*Exercise goal*: Beginning at the line that contains "Personalized In My", repeat each line exactly through the last one of the records below, and leave out the pictures.

---------- Provided records

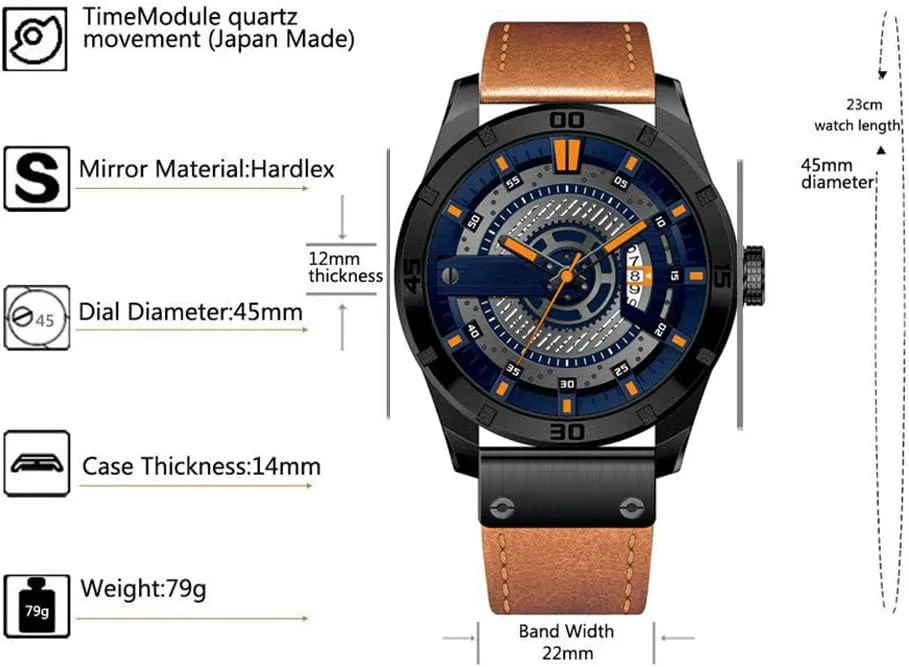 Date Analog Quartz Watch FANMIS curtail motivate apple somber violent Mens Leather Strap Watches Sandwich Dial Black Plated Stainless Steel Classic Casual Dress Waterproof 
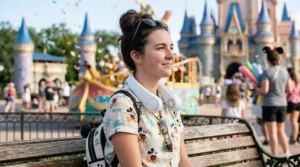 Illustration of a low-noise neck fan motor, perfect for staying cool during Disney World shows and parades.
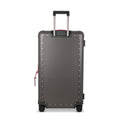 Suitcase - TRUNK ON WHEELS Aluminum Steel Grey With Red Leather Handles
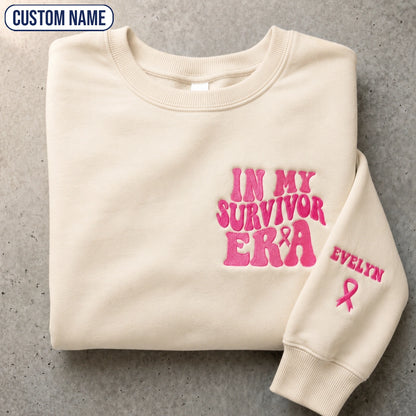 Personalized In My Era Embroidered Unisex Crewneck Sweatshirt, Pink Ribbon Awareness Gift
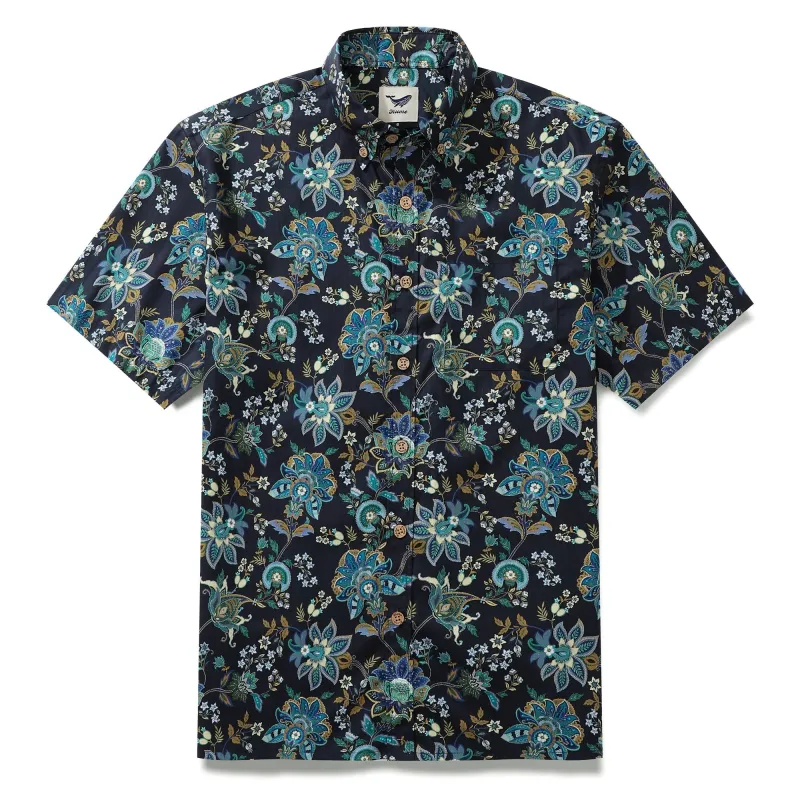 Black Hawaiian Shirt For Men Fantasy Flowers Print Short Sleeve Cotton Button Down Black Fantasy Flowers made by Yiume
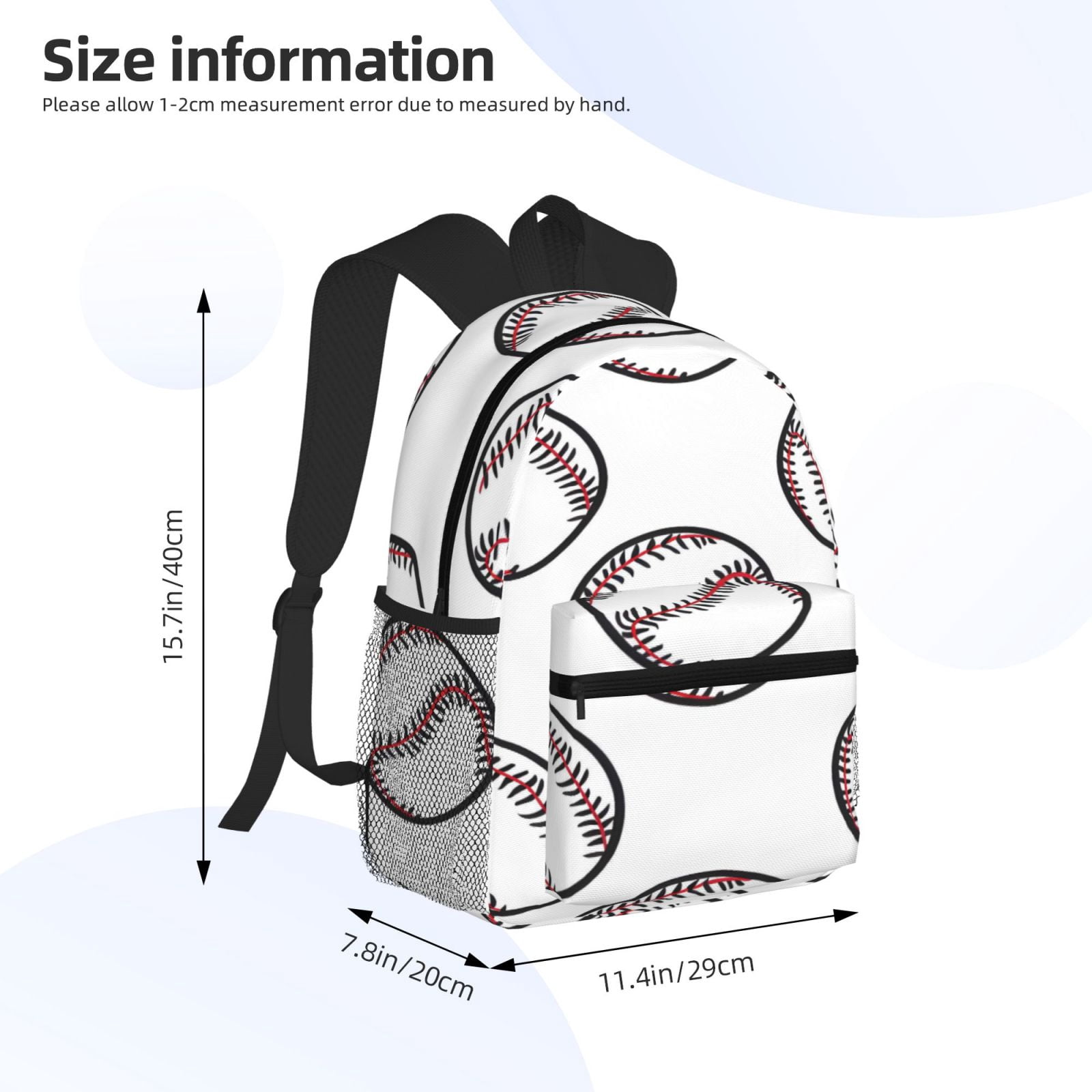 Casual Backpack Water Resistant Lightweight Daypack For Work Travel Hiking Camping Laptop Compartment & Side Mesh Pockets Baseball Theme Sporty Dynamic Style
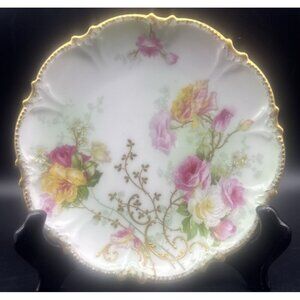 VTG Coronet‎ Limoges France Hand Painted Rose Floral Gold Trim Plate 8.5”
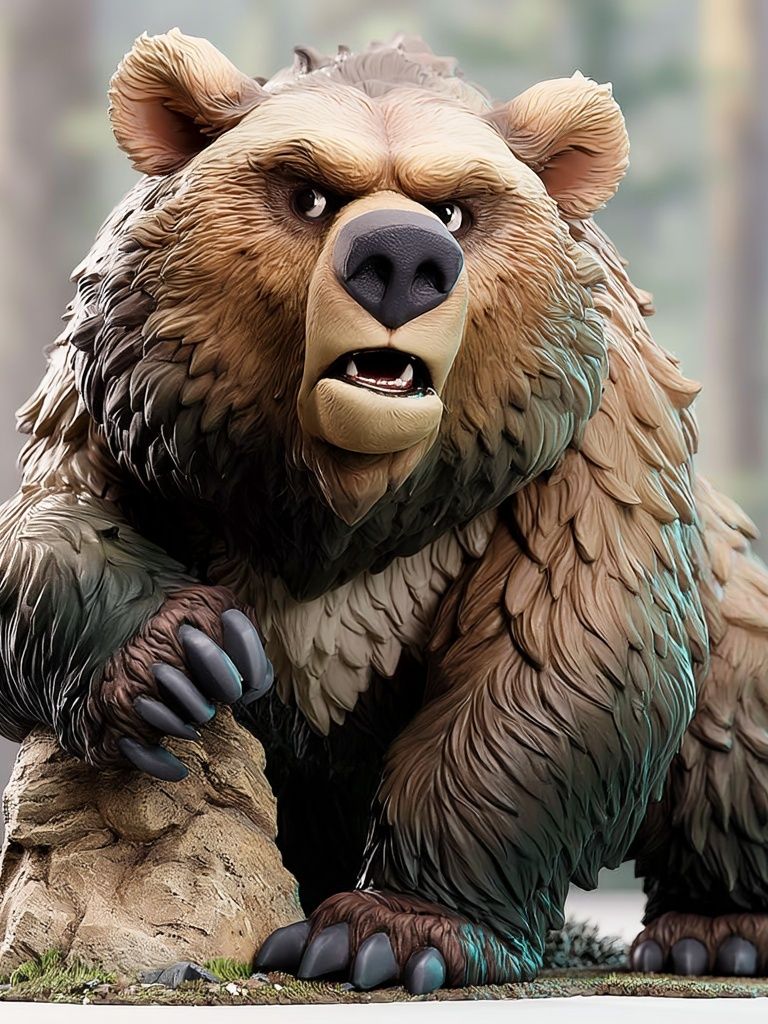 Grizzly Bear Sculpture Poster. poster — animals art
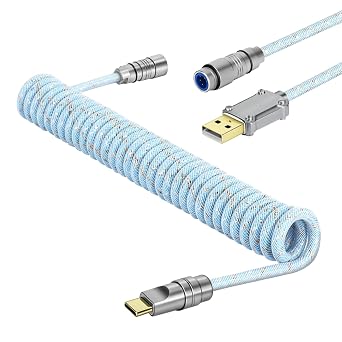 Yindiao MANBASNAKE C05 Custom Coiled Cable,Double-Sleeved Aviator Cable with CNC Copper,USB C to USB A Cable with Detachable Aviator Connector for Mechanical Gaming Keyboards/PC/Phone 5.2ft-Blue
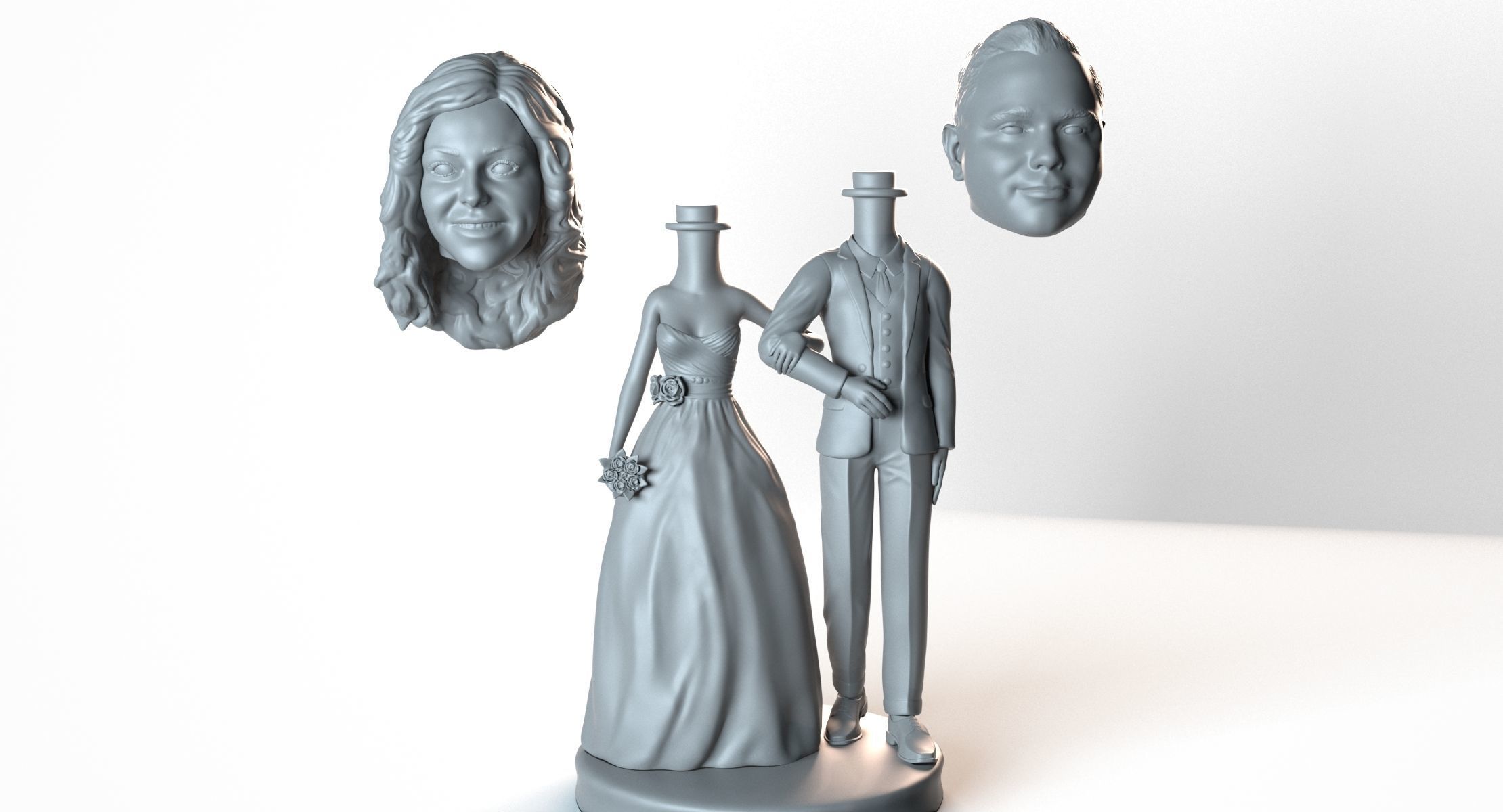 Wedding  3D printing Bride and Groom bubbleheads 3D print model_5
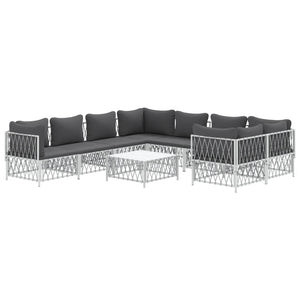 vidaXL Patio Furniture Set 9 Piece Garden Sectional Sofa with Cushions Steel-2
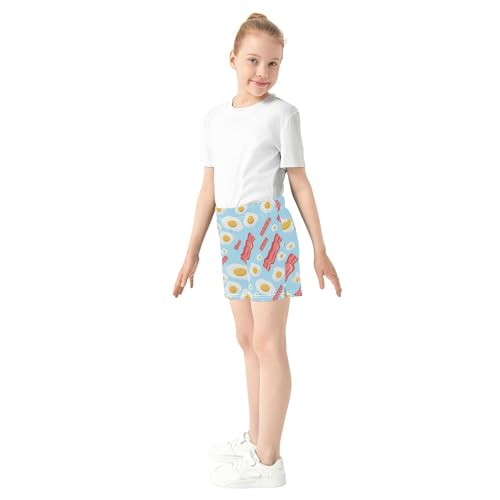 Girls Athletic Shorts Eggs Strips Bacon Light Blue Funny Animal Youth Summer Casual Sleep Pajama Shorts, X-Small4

--------------------

*Written reply*:
 Personalized In My Era Embroidered Unisex Crewneck Sweatshirt, Pink Ribbon Awareness Gift
 Black Hawaiian Shirt For Men Fantasy Flowers Print Short Sleeve Cotton Button Down Black Fantasy Flowers made by Yiume
 Casual Backpack Water Resistant Lightweight Daypack For Work Travel Hiking Camping Laptop Compartment & Side Mesh Pockets Baseball Theme Sporty Dynamic Style
 VTG Coronet‎ Limoges France Hand Painted Rose Floral Gold Trim Plate 8.5”
 Grizzly Bear Sculpture Poster. poster — animals art
 Yindiao MANBASNAKE C05 Custom Coiled Cable,Double-Sleeved Aviator Cable with CNC Copper,USB C to USB A Cable with Detachable Aviator Connector for Mechanical Gaming Keyboards/PC/Phone 5.2ft-Blue
 Wedding  3D printing Bride and Groom bubbleheads 3D print model_5
 vidaXL Patio Furniture Set 9 Piece Garden Sectional Sofa with Cushions Steel-2
 Girls Athletic Shorts Eggs Strips Bacon Light Blue Funny Animal Youth Summer Casual Sleep Pajama Shorts, X-Small4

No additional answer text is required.